> _Recorded data_:
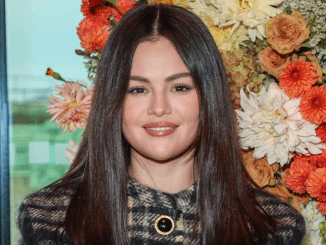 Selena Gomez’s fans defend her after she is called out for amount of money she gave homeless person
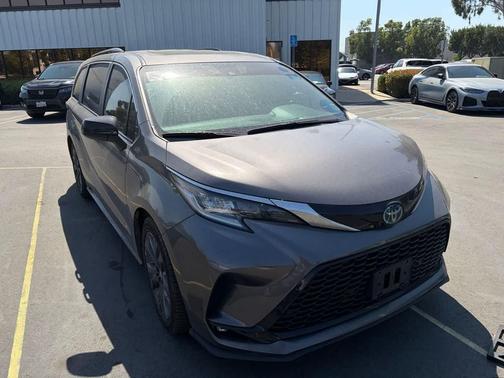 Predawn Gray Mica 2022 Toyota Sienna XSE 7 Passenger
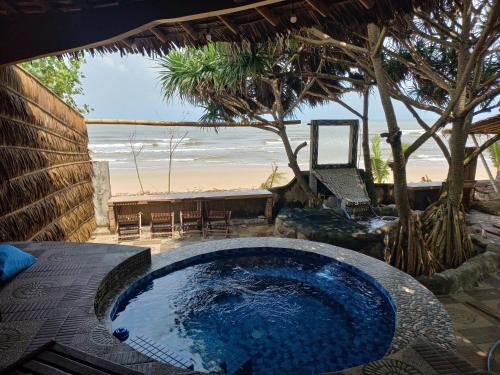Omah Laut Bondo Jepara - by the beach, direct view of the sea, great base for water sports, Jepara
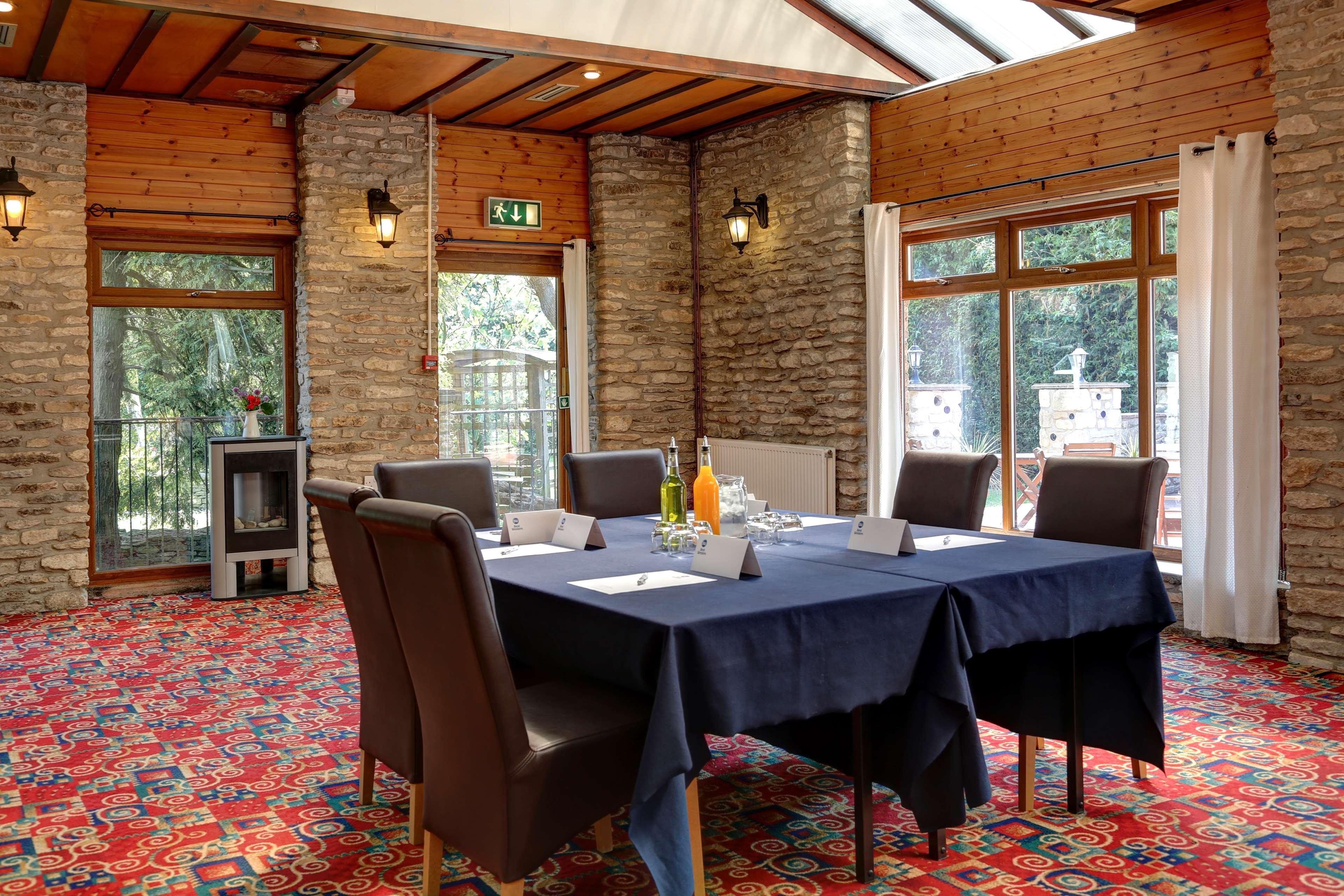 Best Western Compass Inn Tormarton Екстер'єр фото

> _What the task asks_: Please copy exactly the lines from the one that contains "Omah Laut Bondo" through the last line of the listing above, leaving out the pictures.

> _Output of the task_:
Omah Laut Bondo Jepara - by the beach, direct view of the sea, great base for water sports, Jepara
 Best Western Compass Inn Tormarton Екстер'єр фото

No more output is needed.